Diz Thoreau que apenas
encontrou uma ou duas pessoas no decurso da sua vida «que compreenderam a arte
de caminhar» e diria eu que poucas pessoas terão compreendido as mensagens (ou
a grande mensagem) que encerrou no seu livrinho sobre vadiagem ou peregrinação,
como lhe queiram chamar, traduzido para português por várias editoras sob
diversos títulos: por exemplo, Caminhar (Hiena, 1995), A Arte de
Caminhar (Padrões Culturais Editora, 2011), Caminhada (Antígona,
2012) ou Andar a Pé – Um ritual interior de sabedoria e liberdade (Alma
dos Livros, 2021).

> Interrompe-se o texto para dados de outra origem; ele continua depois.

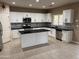 Bright kitchen featuring white cabinets, stainless steel appliances, dark countertops and a central island at 44449 W Canyon Creek Dr, Maricopa, AZ 85139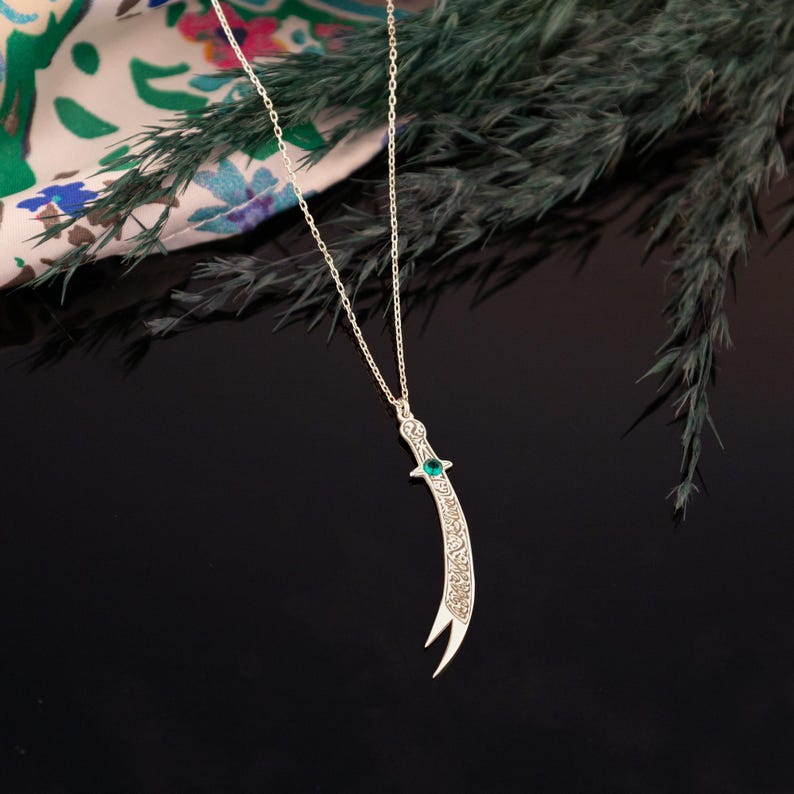 May include: Silver-toned pendant necklace featuring a curved dagger design. The dagger has intricate detailing and a green gemstone accent. The necklace hangs on a delicate chain, set against a dark background with greenery and a patterned fabric.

A sua escrita, aparentemente simples, não é explicita, mas
deixa uma série de pistas que permitem traçar o rumo da caminhada de que trata
esta pequena, em tamanho, mas simultaneamente grande, em conteúdo, obra…
Sair dos feudos medievais
onde se encontravam, ficando, portanto, sem terra, para se desencontrarem vagueando
ou vadiando, numa peregrinatio, rumo à "Terra Santa", quais caminheiros andantes
na graça de Deus?... Curioso será constatar o quão distante estará este modus
operandi daquilo a que hoje em dia se convencionou chamar “peregrinação” e
se tornou o acto de peregrinar, na generalidade das suas roupagens mais
frequentes e comuns. E mais não digo.